President Obama yesterday announced that he planned to commute the sentence of transgender whistleblower Chelsea Manning, in one of his final acts as President.

Private Manning, who announced her transition to female in 2013, was imprisoned in Fort Leavenworth military prison after leaking details of classified government documents concerning alleged war crimes and rights abuses via WikiLeaks.

White House says early release of Chelsea Manning down to ‘pursuit of justice’

Manning has sued the US Army for her right to transition behind bars, and has also taken action against her “unjust” 35-year prison sentence – on the basis that her actions helped make public a large number of serious issues related to military practise.

After Manning attempted to take her own life and embarked on a hunger strike over the issue, the military finally agreed to allow her to undergo gender treatment – but court documents indicate military officials are still refusing to officially recognise her transition.

NBC News previously reported that Manning was on the “short list” for a commutation from President Obama, issued a final round of pardons and commutations as he leaves office.

After it was confirmed that Obama had commuted the sentence, White House Press Secretary Josh Earnest said it was done “in pursuit of justice”.

He said: “Chelsea Manning was convicted of serious crimes.

“She also took responsibility for those crimes.
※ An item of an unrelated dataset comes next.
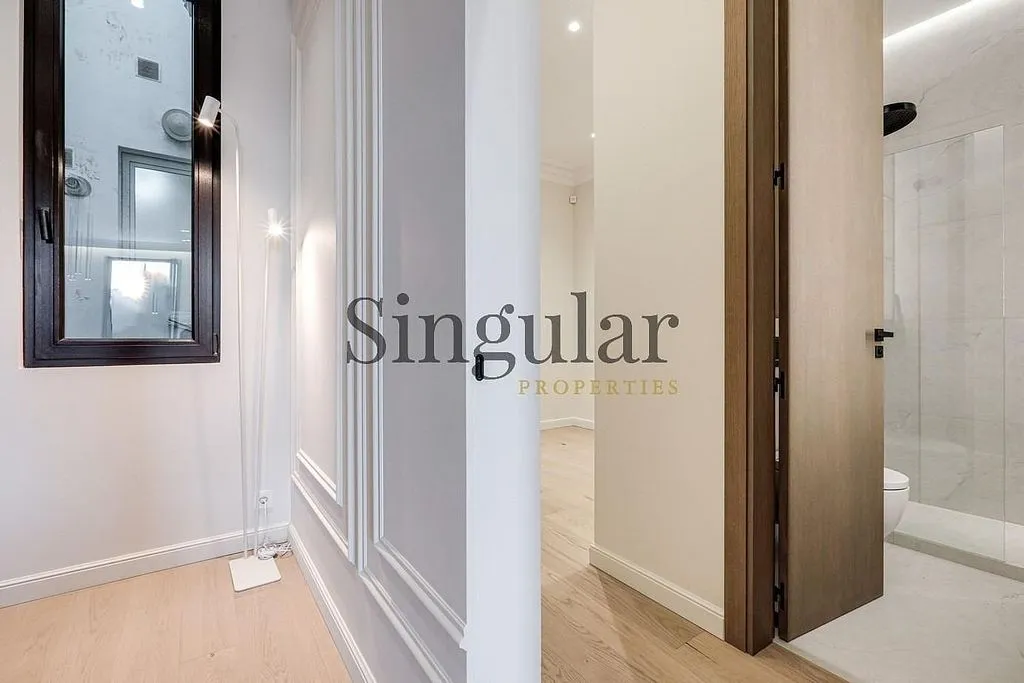 Salles de bain - Historic Apartment with Balcony in El Born
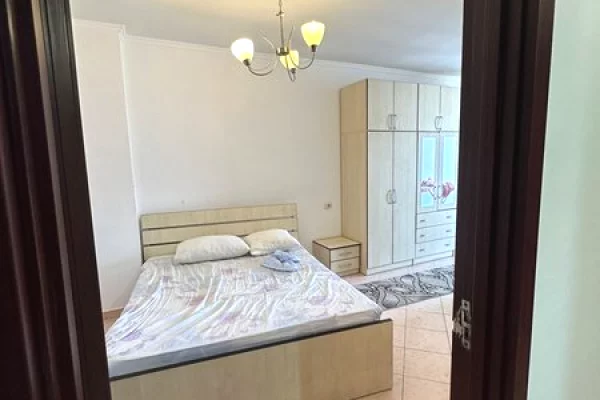Shtepi ne shitje Apartament ne Tirane, 2+1, Mobilimi E mobiluar, Pagesa 135,000  Euro.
She expressed remorse for those crimes,” he added.

Manning will now be released on 17 May, instead of in 2045.

Earnest said Manning’s sentence was “much longer than the sentence that was handed down to people who committed similar crimes that got much less attention.”

The sentence was one of the harshest ever handed to a whistleblower.

“President Obama has a strong record regarding the humane treatment of prisoners and a long commitment to LGBTQ equality,” said HRC Communications Director Jay Brown reacting to the news.

“The decision to commute Pvt. Chelsea Manning’s remaining sentence – after she served nearly 7 years for her crimes – reflects that record. We hope Pvt. Manning soon can access the care and treatment that she, and every transgender person, deserves.”

Wikileaks boss Julian Assange earlier this week offered to surrender himself to authorities if President Obama followed through on reports he was considering freeing Chelsea Manning.

But Assange has since backed away from the claims.

An investigation recently suggested that Wikileaks data dumps endangered gay men in Saudi Arabia.

A probe of 120,000 Saudi files dumped on Wikileaks revealed the documents included private health and crime records, exposing personal data of everyday Saudis.

It identified at least one man with a gay sex conviction – as well as a number of rape victims and people living with HIV.